Chatbot Testing

This example walks through testing conversational AI systems, including context handling, tone consistency, and multi-turn dialogue flows.

Introduction

We’ll test a chatbot that:

Maintains conversation context
Handles different conversation types (casual, support, sales)
Manages user preferences and information
Provides appropriate responses based on context

Our tests will validate:

Context retention across turns
Response quality and tone
Handling of conversation flow
Edge cases and error scenarios

Building a Chatbot

To get started, we’ll implement a chatbot that returns a structured ChatResponse rather than a plain string.
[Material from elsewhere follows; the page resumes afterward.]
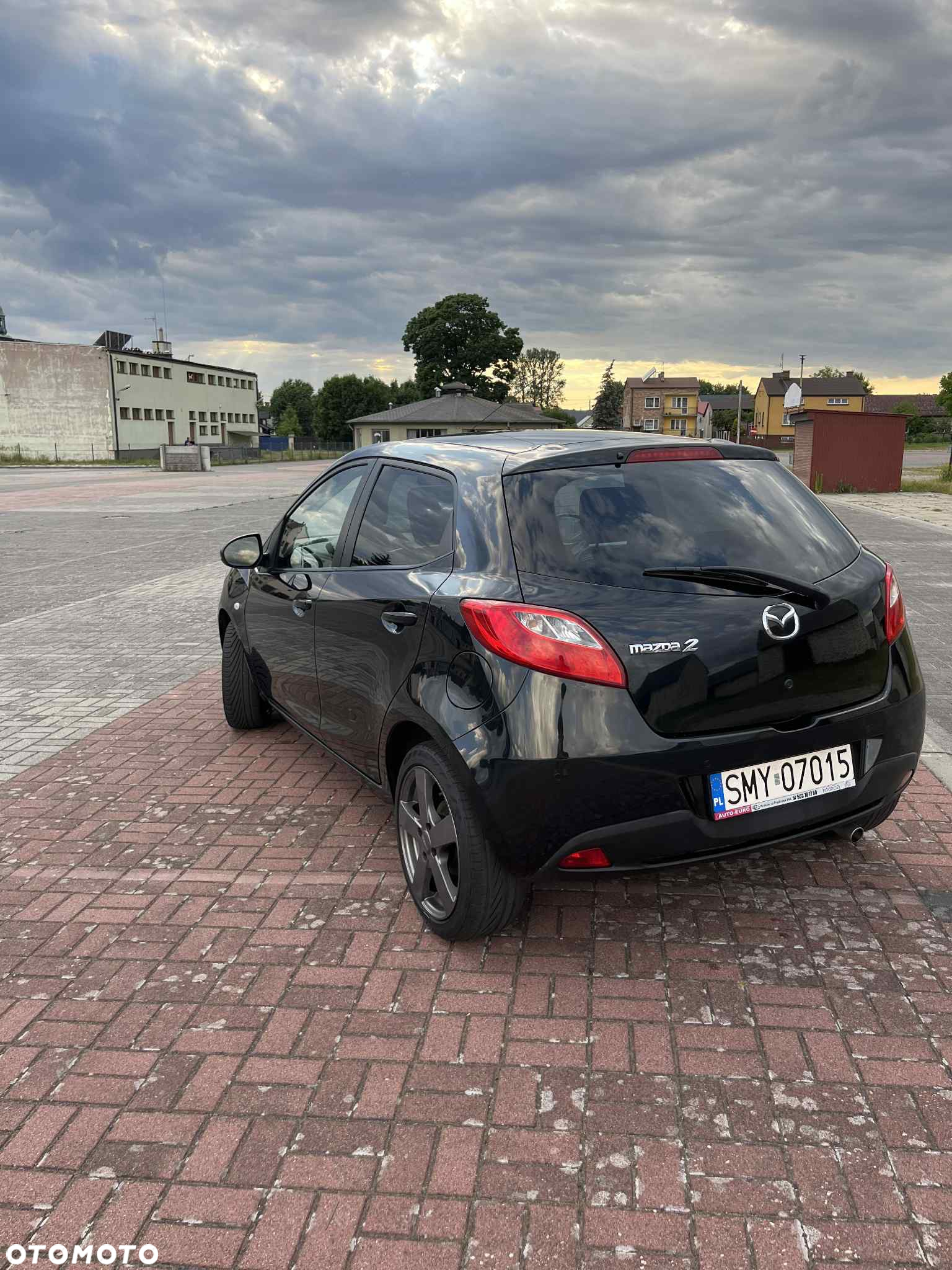 Mazda 2 - 5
This gives your checks access to the internal ConversationContext — so you can assert that the bot stored a name, detected a conversation type, or suggested an action, not just that it produced some text.
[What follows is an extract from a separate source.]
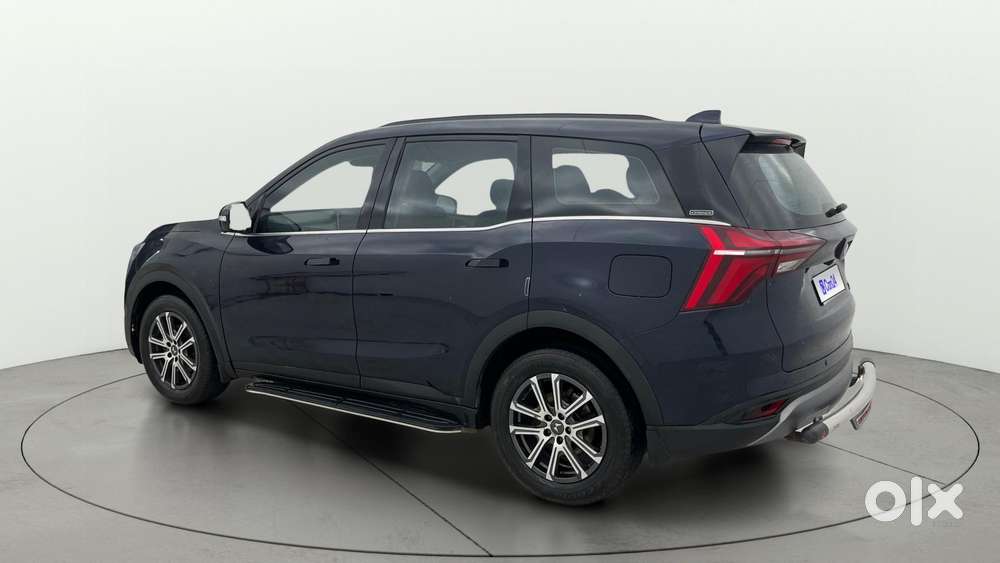 Mahindra Xuv700 2.0 Ax 5 Petrol Mt 7 Str, 2023, Diesel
First, let’s create a simple chatbot:

from typing import Optional, Literal
from pydantic import BaseModel


class Message(BaseModel):
    role: Literal["user", "assistant", "system"]
    content: str


class ConversationContext(BaseModel):
    user_name: Optional[str] = None
    user_email: Optional[str] = None
    conversation_type: str = "casual"
    topic: Optional[str] = None


class ChatResponse(BaseModel):
    message: str
    context: ConversationContext
    suggested_actions: list[str] = []


class SimpleChatbot:
    def __init__(self, personality: str = "friendly"):
        self.personality = personality
        self.history: list[Message] = []
        self.context = ConversationContext()

    def chat(self, user_message: str) -> ChatResponse:
        """Process user message and generate response."""
        self.history.append(Message(role="user", content=user_message))
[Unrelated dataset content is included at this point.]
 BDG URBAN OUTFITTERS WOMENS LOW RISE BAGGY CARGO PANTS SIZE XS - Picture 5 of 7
        # Update context based on message
        self._update_context(user_message)

        # Generate response
        response_text = self._generate_response(user_message)

        self.history.append(Message(role="assistant", content=response_text))

        return ChatResponse(
            message=response_text,
            context=self.context.model_copy(),
            suggested_actions=self._suggest_actions(),
        )

    def _update_context(self, message: str):
        """Extract and update context information."""
        message_lower = message.lower()

        # Extract name
        if "my name is" in message_lower or "i'm" in message_lower:
            words = message.split()
            for i, word in enumerate(words):
                if word.lower() in ["is", "i'm", "im"] and i + 1 < len(words):
                    self.context.user_name = words[i + 1].strip(",.!?")
                    break

        # Extract email
        if "@" in message:
            import re

            pattern = r"\b[A-Za-z0-9._%+-]+@[A-Za-z0-9.-]+\.[A-Z|a-z]{2,}\b"
            emails = re.findall(pattern, message)
            if emails:
                self.context.user_email = emails[0]

        # Detect conversation type
        support_words = ["help", "support", "problem", "issue"]
        sales_words = ["buy", "purchase", "price", "cost"]
        if any(word in message_lower for word in support_words):
            self.context.conversation_type = "support"
        elif any(word in message_lower for word in sales_words):
            self.context.conversation_type = "sales"

    def _generate_response(self, message: str) -> str:
        """Generate appropriate response based on context."""
        # Greeting
        greetings = ["hello", "hi", "hey"]
        if any(greeting in message.lower() for greeting in greetings):
            if self.context.user_name:
                return (
                    f"Hello {self.context.user_name}! "
                    "How can I help you today?"
                )
            return "Hello! How can I help you today?"

        # Name recall
        msg_lower = message.lower()
        if "what is my name" in msg_lower or "do you know my name" in msg_lower:
            if self.context.user_name:
                return f"Yes, your name is {self.context.user_name}."
            return "I don't believe you've told me your name yet."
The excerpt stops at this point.